By Jugal Mody
I did not enjoy the Tobey Maguire Spider-Man (directed by Sam Raimi of Evil Dead fame) as much as I enjoyed watching the Andrew Garfield reboot. The reboot had more nerd-value than the Maguire one. It showed a different, spunkier Peter Parker as opposed to the former emo sulk. It had Andrew Garfield. It had Emma Stone. And unlike in most superhero movies, its rom-com director Marc Webb ((500) Days Of Summer) made brilliant use of 3D.

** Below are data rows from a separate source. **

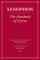 The Anabasis of Cyrus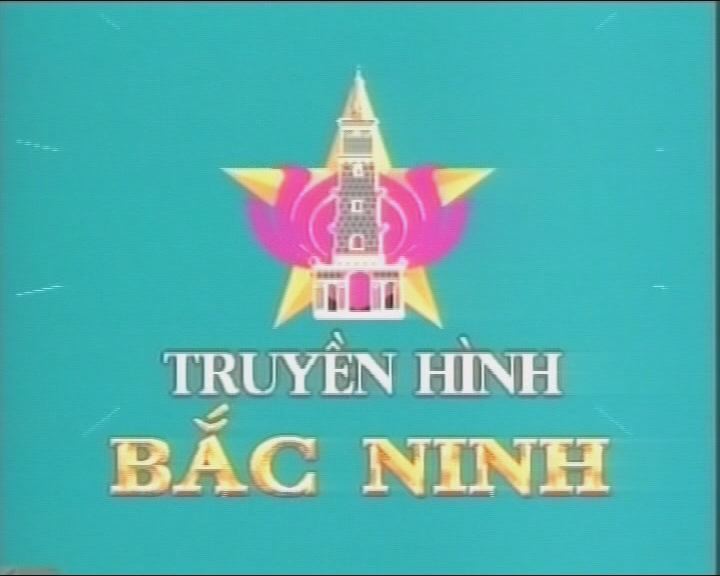 Truyen hinh Bac Ninh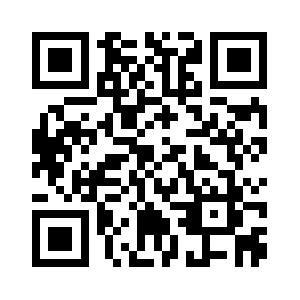 Azexoticmotors.com QR code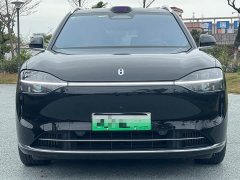 AITO M9 2024 Extended Range Ultra 42kWh 6-Seater - ფოტო 2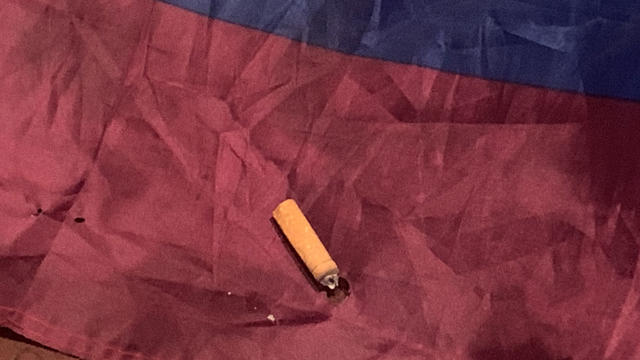 alibiprideflag03.jpg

The second, in what is presumably a trilogy, surprised me by being a four-act plot as opposed to the standard three-act superhero formula (even if the second act was so weak that it could have been written by Rakesh Roshan). But all-in-all, it was a 3D blockbuster worth your money. Except for the smack-talk that Spidey ironically indulges in. That was terrible.
Coming to the women in the movie, there were two women characters – Gwen Stacy (Emma Stone), the love interest, and Aunt May (Sally Fields), the maternal figure. Just two. They don’t seem to have have any friends or any kind of interaction with other women. In fact, the entire first act, which seemed to have some rather obvious spaces for Spidey’s two main women to talk to each other, felt like someone had carefully arranged for them to not have a conversation. Or maybe it was just my expectation (that the movie would pass the test) that made me see that as a gaping hole.
The movie was so devoid of women characters that Marvel decided to intervene by invoking Jennifer Lawrence, cool girl extraordinaire, in a post-credits sequence, using a clip of her as Mystique from the upcoming X-Men movie, in which she announces that she has parted ways with Erik Lehnsherr (Michael Fassbender), to lead her own team of mutants. (She had left her childhood best friend Charles Xavier in the previous X-Men movie. Traditionally, Mystique has always been second-in-command to one of those two.)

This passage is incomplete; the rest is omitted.